A rate of convergence result for the largest eigenvalue of complex white Wishart matrices. (English) Zbl 1108.62014

Summary: It has been recently shown that if \(X\) is an \(n\times N\) matrix whose entries are i.i.d. standard complex Gaussian and \(l_1\) is the largest eigenvalue of \(X^*X\), there exist sequences \(m_{n,N}\) and \(s_{n,N}\) such that \((l_1-m_{n,N})/s_{n,N}\) converges in distribution to \(W_2\), the Tracy-Widom law appearing in the study of the Gaussian unitary ensemble [see C. A. Tracy and H. Widom, Commun. Math. Phys. 159, 151–174 (1994; Zbl 0789.35152); J. Stat. Phys. 92, No. 5–6, 809–835 (1998; Zbl 0942.60099)]. This probability law has a density which is known and computable. The cumulative distribution function of \(W_2\) is denoted \(F_2\).
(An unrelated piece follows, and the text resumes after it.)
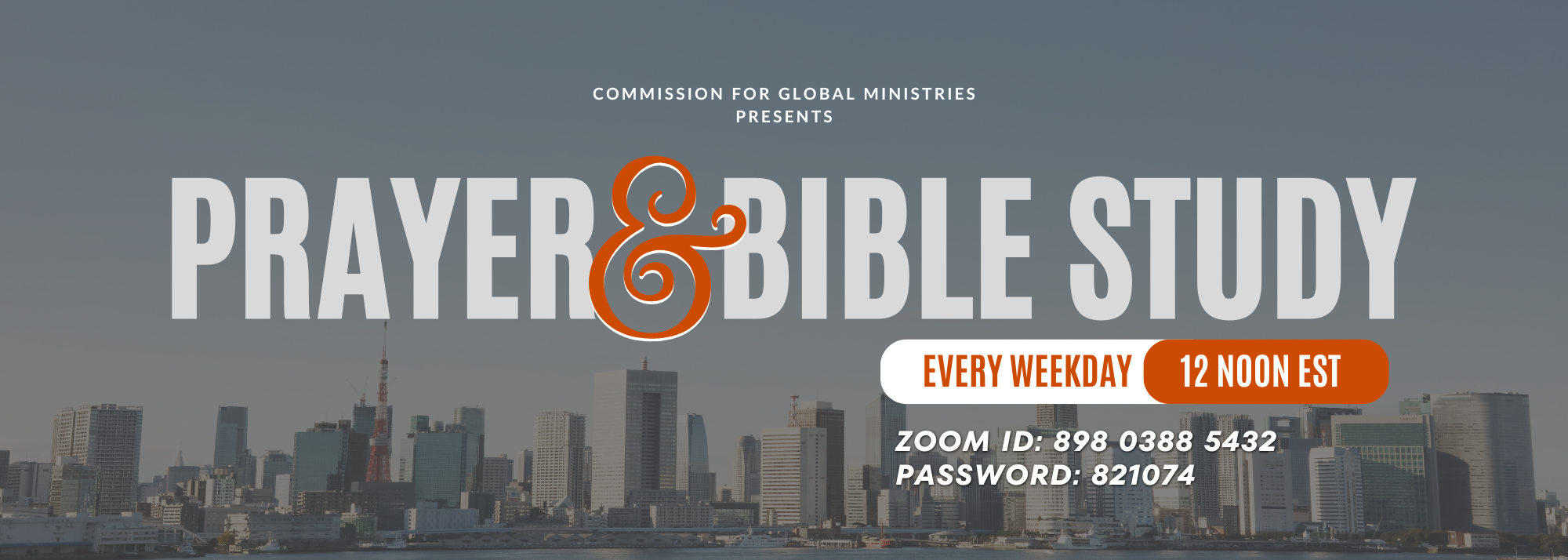 Prayer and Bible Study — every weekday at 12 noon EST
We show that, under the assumption that \(n/N\to\gamma\in (0,\infty)\), we can find a function \(M\), continuous and nonincreasing, and sequences \(\widetilde{\mu}_{n,N}\) and \(\widetilde{\sigma}_{n,N}\) such that, for all real \(s_0\), there exists an integer \(N(s_0,\gamma)\) for which, if \((n\wedge N)\geq N(s_0,\gamma)\), we have, with \(l_{n,N}= (l_1- \widetilde{\mu}_{n,N})/ \widetilde{\sigma}_{n,N}\), \[ \forall s\geq s_0, \quad (n\wedge N)^{2/3} |P(l_{n,N}\leq s)- F_2(s)|\leq M(s_0) \exp(-s). \] The surprisingly good \(2/3\) rate and qualitative properties of the bounding function help explain the fact that the limiting distribution \(W_2\) is a good approximation to the empirical distribution of \(l_{n,N}\) in simulations, an important fact from the point of view of (e.g., statistical) applications.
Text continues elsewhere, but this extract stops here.